Plusieurs facteurs à prendre en compte
Aux origines de cette décision, plusieurs facteurs à prendre en compte. En premier lieu, la reconnaissance par les États-Unis de la souveraineté marocaine sur le Sahara Occidental en décembre 2020. Considéré comme l’un des conflits de basse intensité les plus anciens au monde, le différend sur le Sahara Occidental oppose le Maroc, qui administre ce territoire en grande majorité désertique au sud du Royaume, et le Front Polisario, soutenu politiquement, financièrement et militairement par l’Algérie. Reconnu que par une dizaine de pays, le Front Polisario revendique l’organisation d’un référendum d’autodétermination au Sahara Occidental, là où le Maroc propose une large autonomie pour ce territoire depuis 2007. En second lieu, la reprise des relations diplomatiques entre le Maroc et Israël, un pays où vivent près de 700 000 juifs originaires du Royaume Chérifien, a accentué les tensions entre les deux pays. Plus récemment, une initiative du représentant du Maroc aux Nations Unies, visant à soutenir le mouvement autonomiste en Kabylie a fait office de « Casus Belli » pour l’Algérie, conduisant cette dernière à rompre ses relations avec son voisin, avec lequel les frontières terrestres sont fermées depuis le milieu des années 90, malgré les nombreux appels de Rabat à les rouvrir.
Des trajectoires très différentes
Au-delà de ces éléments, le scrutin organisé par le Maroc le 8 Septembre, pour lequel ont été déployé près de 4500 observateurs nationaux et étrangers, illustre une différence fondamentale de trajectoire pour les deux frères ennemis du Maghreb. D’un côté, un Maroc offensif sur le plan diplomatique, industriel et économique, qui se rêve en futur « dragon » africain, mais qui souffre encore de polarisation sociale et de fortes disparités de revenus. De l’autre, une puissance pétrolière et gazière durment affectée par la chute du prix du baril depuis 2014 et dont le contexte politique est encore fragile suite aux mouvements de révolte du « Hirak » qui ont conduit à la chute de l’ancien Président Abdelaziz Bouteflika début 2019. Comme le note la spécialiste du Maghreb et chercheuse allemande Isabelle Werenfels dans un entretien au journal Le Monde « Ces dernières années, c’est le Maroc qui a marqué des points. Non seulement, le royaume a remporté d’importants succès économiques, politiques, diplomatiques (diplomatie religieuse, régularisation de migrants subsahariens, participation à la COP 22, etc.), en Afrique subsaharienne et sur la scène internationale.
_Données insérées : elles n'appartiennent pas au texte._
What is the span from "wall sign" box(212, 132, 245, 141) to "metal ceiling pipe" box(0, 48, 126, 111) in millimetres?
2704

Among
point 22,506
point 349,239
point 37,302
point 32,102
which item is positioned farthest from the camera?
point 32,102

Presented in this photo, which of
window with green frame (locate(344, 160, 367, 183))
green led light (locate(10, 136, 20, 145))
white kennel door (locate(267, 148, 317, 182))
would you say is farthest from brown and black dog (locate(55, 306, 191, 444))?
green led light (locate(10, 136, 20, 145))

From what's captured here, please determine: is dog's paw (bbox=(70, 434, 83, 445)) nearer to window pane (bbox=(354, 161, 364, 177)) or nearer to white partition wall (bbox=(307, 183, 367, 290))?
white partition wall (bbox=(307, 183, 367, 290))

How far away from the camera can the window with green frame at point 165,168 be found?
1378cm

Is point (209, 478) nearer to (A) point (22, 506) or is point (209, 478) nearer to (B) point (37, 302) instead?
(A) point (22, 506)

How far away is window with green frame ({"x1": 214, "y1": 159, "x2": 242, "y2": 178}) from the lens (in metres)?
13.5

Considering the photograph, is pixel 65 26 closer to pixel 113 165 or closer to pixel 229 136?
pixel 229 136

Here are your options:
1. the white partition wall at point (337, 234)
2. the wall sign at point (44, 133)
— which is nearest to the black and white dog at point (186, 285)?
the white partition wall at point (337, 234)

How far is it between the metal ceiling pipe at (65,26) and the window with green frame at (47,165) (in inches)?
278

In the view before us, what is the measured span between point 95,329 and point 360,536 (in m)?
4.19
Mais il a aussi très bien su les vendre. »
Dans ce contexte, la tenue du scrutin marocain en temps et heure malgré le contexte épidémique, ainsi que la probable mise en place d’un gouvernement de large coalition quel que soit le parti politique arrivé en tête de ces dernières, constitue sans doute un signal de l’installation durable du Maroc comme le pays disposant des atouts les plus importants pour être le socle de la stabilité et de la sécurité dans une région encore tourmentée.